A diabetes-sufferer who lost a toe due to the disease is campaigning for more to be done to prevent amputations related to the condition.
St Helens resident and campaigner, George Connolly, 74, met with Marie Rimmer MP at an event in Westminster held by Diabetes UK to highlight the number of diabetes-related amputations being carried out in England.
In St Helens, 79 people with diabetes required an amputation in the period between 2011/12 and 2013/14, 26 of which were major amputations, above the ankle, which is in line with the national average.
To represent the 135 people who require an amputation each week in England, 135 shoes, donated by amputees, supporters and celebrities, were displayed at the event.
George said: “I was pleased to meet with Ms Rimmer as it gave me the chance to raise my concern about the increasing number of diabetes-related amputations taking place in England.
“Beyond living with diabetes, I have had to cope with the impact of my amputation, a devastating complication that is a direct result of my diabetes along with other complications including problems with my circulation and eyesight.

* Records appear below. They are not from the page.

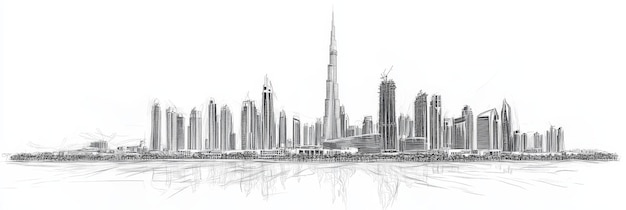 Dubai Skyline Single Line Art A minimalistic depiction of the iconic Dubai skyline with a sin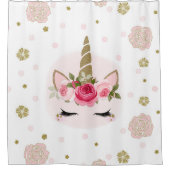 金ゴールド&ピンクユニコーンフラワー開花トレンディーかわいい シャワーカーテン (正面)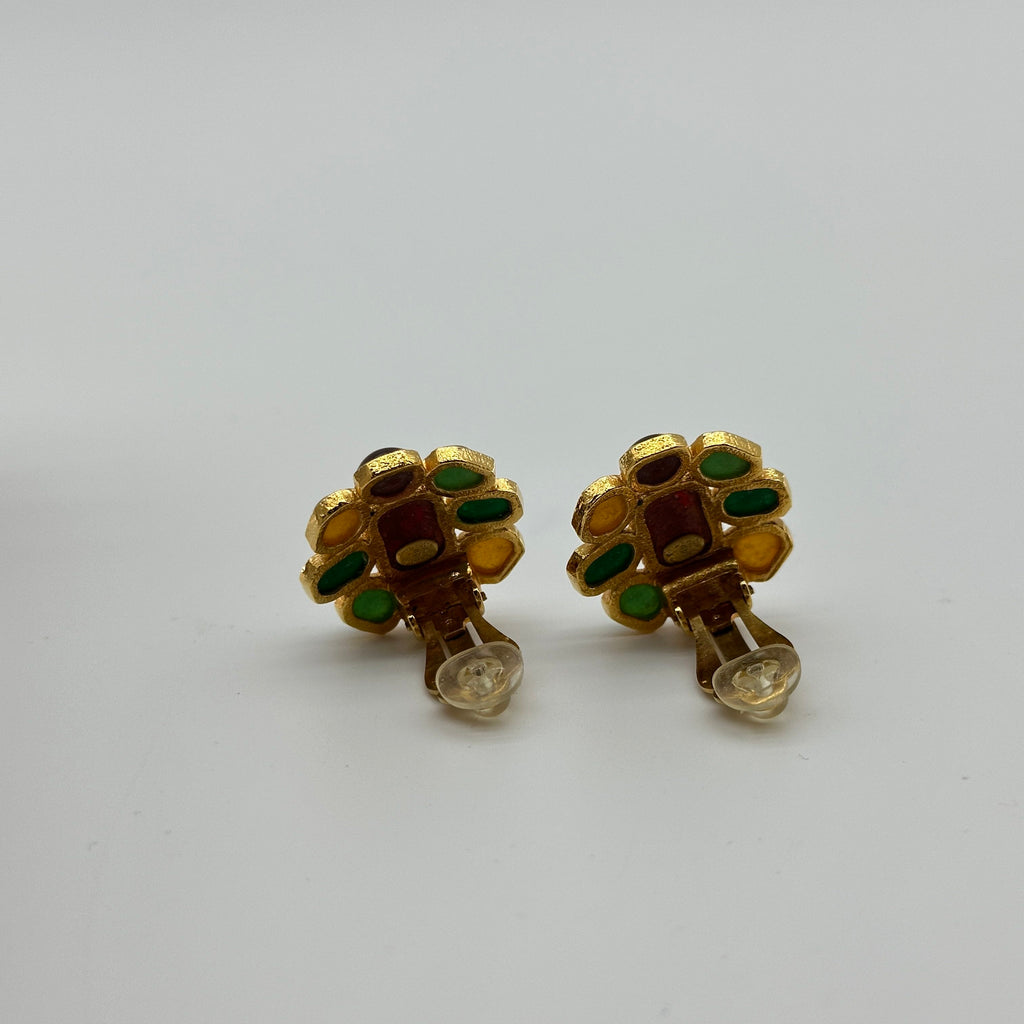 Chanel 96A Gold Multicolor Stone Clip-On Earrings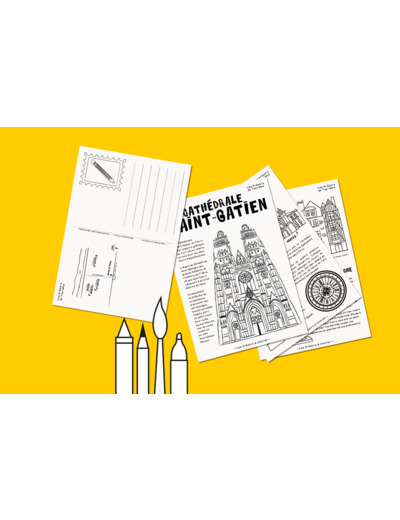 Les lieux emblématiques de la capitale de Touraine - Tours |5 fiches de coloriage – Les trésors à colorier | Papier aquarelle | Formats A4, A5, A6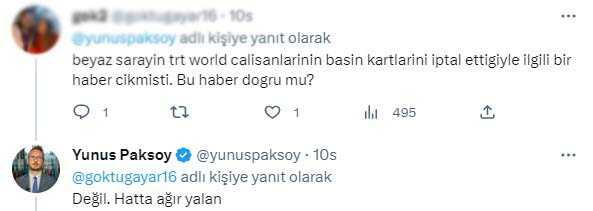 ABD'nin TRT World çalışanlarının basın kartlarını iptal ettiği iddiası yalanlandı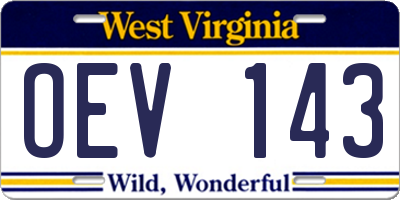 WV license plate OEV143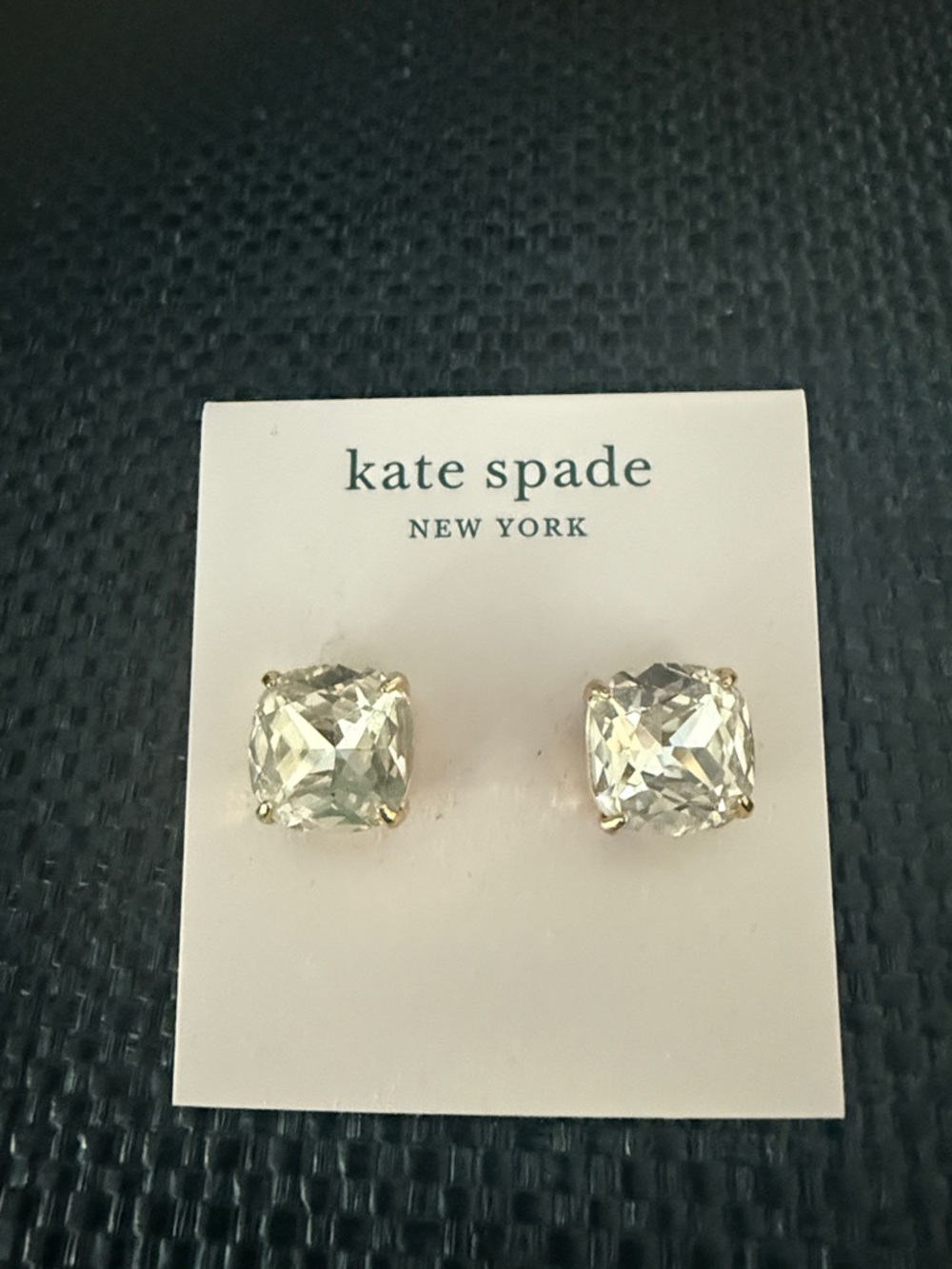 kate spade Clear Crystal Cushion Stud Earrings with Gold-Tone Setting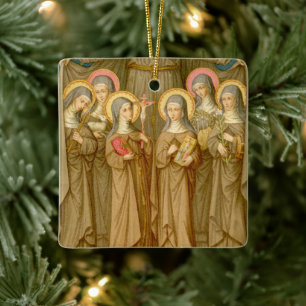 Doppelbild Sechs Heilige Poor Clares (SAU 027) Keramikornament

“Managing diabetes can be a daily struggle in itself, and far too many people with the condition go on to develop devastating health complications such as amputations.
“This is why I have directly appealed to Marie to raise awareness of the issue and help ensure that the Government and the NHS to do more to tackle the problem of diabetes-related amputation by improving diabetes foot care.”

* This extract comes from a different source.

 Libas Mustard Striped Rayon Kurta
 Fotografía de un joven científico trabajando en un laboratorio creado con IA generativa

The figures – which reveal amputations are at an all-time high – were calculated using new Public Health England data and show that the annual number of diabetes-related amputations in England is now more than 7,000, compared to the previous figure of 6,677.
But the charity Diabetes UK believes that with good diabetes care and foot care, up to 80 per cent of these amputations can be avoided.

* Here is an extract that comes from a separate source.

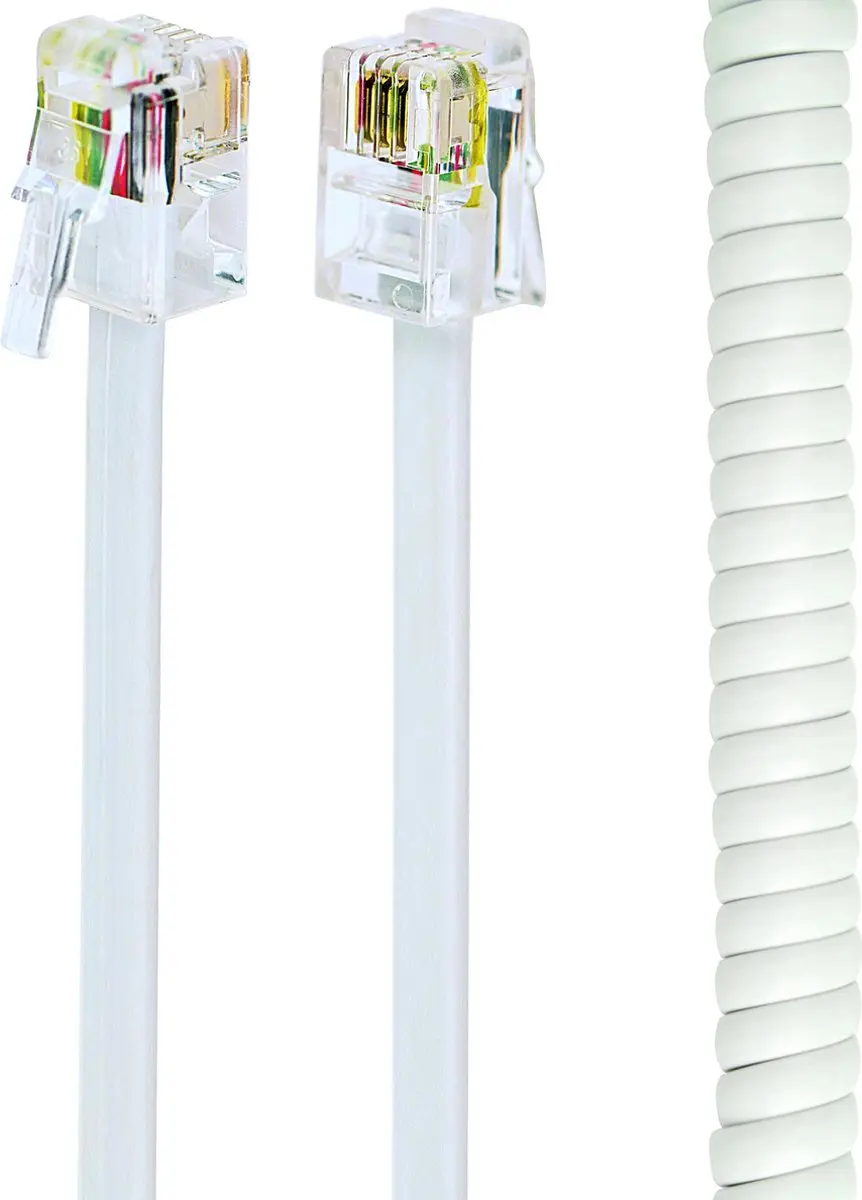 Cablexpert RJ10 Telecom Crossover Spiraalkabel 2m - Wit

Marie Rimmer MP said: “Meeting George highlighted for me the human tragedy behind these stark statistics.
“In the coming weeks I will be talking to health leaders in St Helens South and Whiston about what needs to be done to help prevent avoidable amputations and also encouraging the Government to do more to tackle this serious issue.”
A spokesman for NHS St Helens Clinical Commissioning Group said: “St. Helens has had a long history of delivering structured education to people with diabetes to enable them to self-manage the condition and prevent complications. Additionally there has been a dedicated, specialist multi-disciplinary diabetes foot team in place for many years who work effectively to treat foot related complications and prevent amputations.”